The public logo extraction module is also connected with a keyword library, the keyword library is used for storing public logo keywords, wherein part of the public logo keywords are preset, and new public logo keywords are input and expanded according to actual requirements.

The bilingual corpus collection system based on the public identification words further comprises a bilingual correction module, and the bilingual public identification word corpus information extracted by the public identification word extraction module is corrected.

Specifically, the bilingual correction module performs a correction process including:

And manually correcting the bilingual public logo corpus information with suspected marks in the bilingual correction module or the third corpus information storage module.

Through the arrangement, the method and the device can acquire the bilingual corpus information of the required public identification words through a wider network information environment, and provide a sufficient information data basis for subsequently establishing an accurate bilingual parallel corpus of the public identification words.

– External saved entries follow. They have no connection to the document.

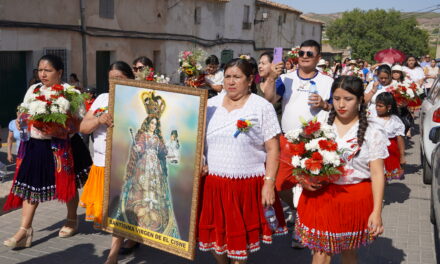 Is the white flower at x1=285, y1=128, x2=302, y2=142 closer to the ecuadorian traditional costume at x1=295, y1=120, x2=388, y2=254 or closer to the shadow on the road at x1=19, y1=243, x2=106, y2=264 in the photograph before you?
the ecuadorian traditional costume at x1=295, y1=120, x2=388, y2=254

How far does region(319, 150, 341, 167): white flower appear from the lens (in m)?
3.77

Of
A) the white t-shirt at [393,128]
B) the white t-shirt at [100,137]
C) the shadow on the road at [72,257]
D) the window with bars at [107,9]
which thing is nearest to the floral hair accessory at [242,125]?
the white t-shirt at [100,137]

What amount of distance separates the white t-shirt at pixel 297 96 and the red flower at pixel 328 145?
1.61 metres

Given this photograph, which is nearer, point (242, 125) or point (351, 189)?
point (351, 189)

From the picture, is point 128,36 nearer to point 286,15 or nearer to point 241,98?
point 241,98

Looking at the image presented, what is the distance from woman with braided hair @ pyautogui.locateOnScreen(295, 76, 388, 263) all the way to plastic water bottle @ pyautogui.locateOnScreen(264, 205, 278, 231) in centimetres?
42

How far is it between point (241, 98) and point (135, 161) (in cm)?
109

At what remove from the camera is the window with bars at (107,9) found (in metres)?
19.6

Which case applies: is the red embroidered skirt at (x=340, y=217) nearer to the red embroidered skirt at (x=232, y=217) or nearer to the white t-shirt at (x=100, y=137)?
the red embroidered skirt at (x=232, y=217)

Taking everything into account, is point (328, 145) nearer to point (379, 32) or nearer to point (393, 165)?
point (393, 165)

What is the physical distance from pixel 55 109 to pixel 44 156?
60 cm

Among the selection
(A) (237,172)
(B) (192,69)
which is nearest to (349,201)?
(A) (237,172)

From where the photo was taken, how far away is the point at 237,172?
430 cm

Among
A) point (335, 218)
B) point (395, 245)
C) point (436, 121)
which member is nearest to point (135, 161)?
point (335, 218) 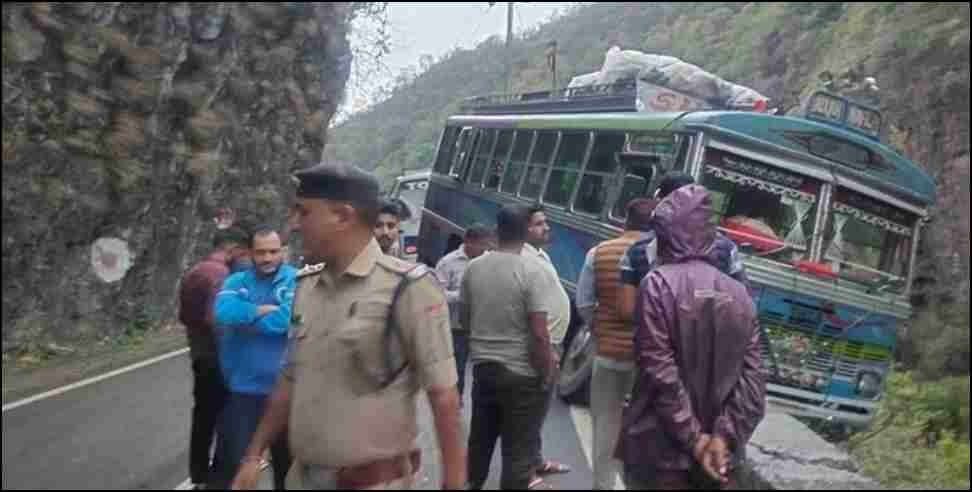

The above-mentioned embodiment is only one of the preferred embodiments of the present invention, and should not be used to limit the scope of the present invention, but all the insubstantial modifications or changes made within the spirit and scope of the main design of the present invention, which still solve the technical problems consistent with the present invention, should be included in the scope of the present invention.

Claims

1. A bilingual corpus collection system based on public identification words is characterized by comprising:

2. The bilingual corpus collection system according to claim 1, wherein a default collection source set for storing a default fixed collection range and an extended collection source set for storing a collection range newly inputted from the input device are embedded in the corpus collection range setting module.

3. The bilingual corpus collection system according to claim 2, wherein the corpus collection module comprises a crawler module for collecting information on the network, an input module for receiving manual input information, a scan recognition module for recognizing characters on the image, and a corpus language recognition module for recognizing the language category in the collected information content, wherein the corpus language recognition module transmits the recognized monolingual basic corpus information to the first corpus information storage module for storage, and transmits the recognized bilingual basic corpus information to the second corpus information storage module for storage.

4. The bilingual corpus collection system based on public facing phrases of claim 3, wherein the public facing phrase extraction module is further connected with a keyword library,

5. The system for bilingual corpus collection based on common logos according to claim 4, further comprising a bilingual correction module for correcting the bilingual common logo corpus information extracted by the common logo extraction module.

6. The bilingual corpus collection system according to claim 5, wherein the bilingual corpus correction module corrects the bilingual corpus according to the following steps:

7. The bilingual corpus collection system according to claim 6, wherein the bilingual corpus information of the common logo in the bilingual corpus correction module or the third corpus information storage module, which is suspected to be marked, is manually corrected.